Given data:
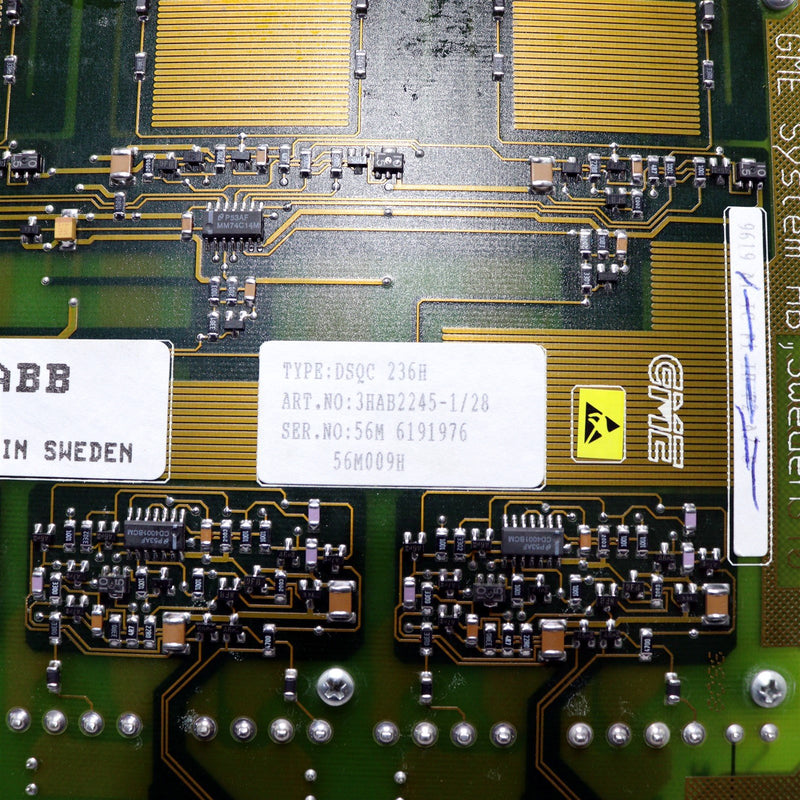 ABB ROBOTICS MODULE BOARD 3HAB2245-1/28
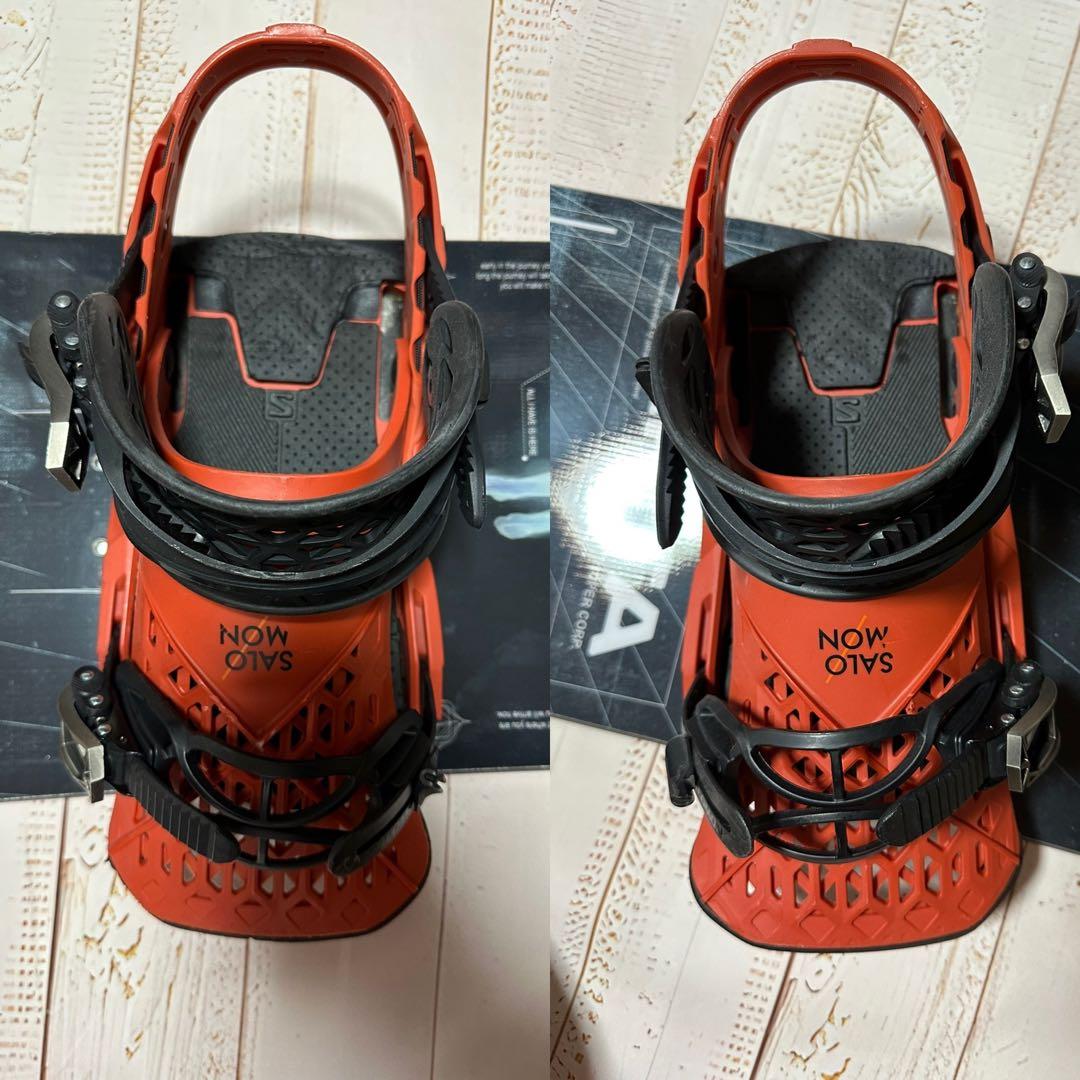 超美品 Highlander Salomon shadow fit Mサイズ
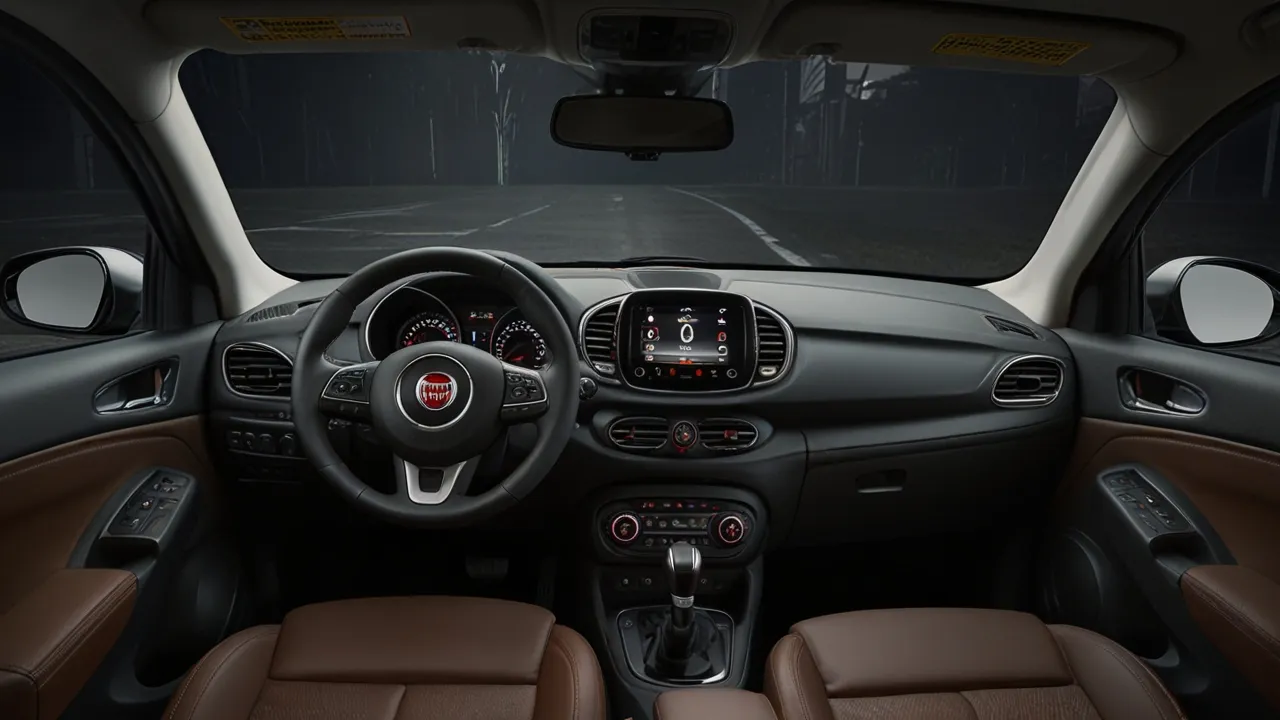 Zdjęcie Fiat 500X wnętrze: Ocena, przegląd i co warto wiedzieć przed zakupem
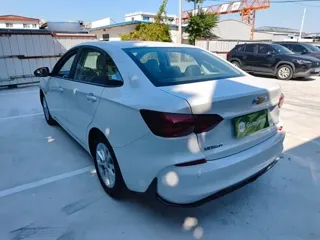 Chevrolet Monza 2025 купить из Китая, цена 1 492 000 ₽ — Suifenhe Auto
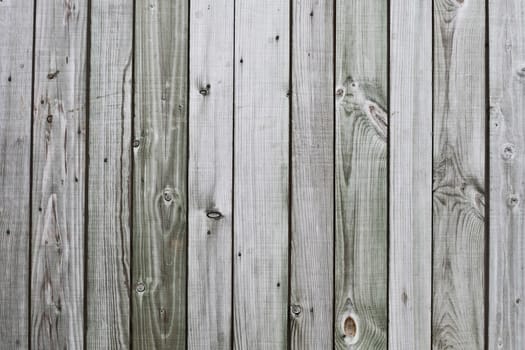 Weathered wooden panels as a textured background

Task item:
Copy out the data above to the letter, and keep every picture out of it.

Solution for this exercise:
 ABB ROBOTICS MODULE BOARD 3HAB2245-1/28
 超美品 Highlander Salomon shadow fit Mサイズ
 Zdjęcie Fiat 500X wnętrze: Ocena, przegląd i co warto wiedzieć przed zakupem
 Chevrolet Monza 2025 купить из Китая, цена 1 492 000 ₽ — Suifenhe Auto
 Weathered wooden panels as a textured background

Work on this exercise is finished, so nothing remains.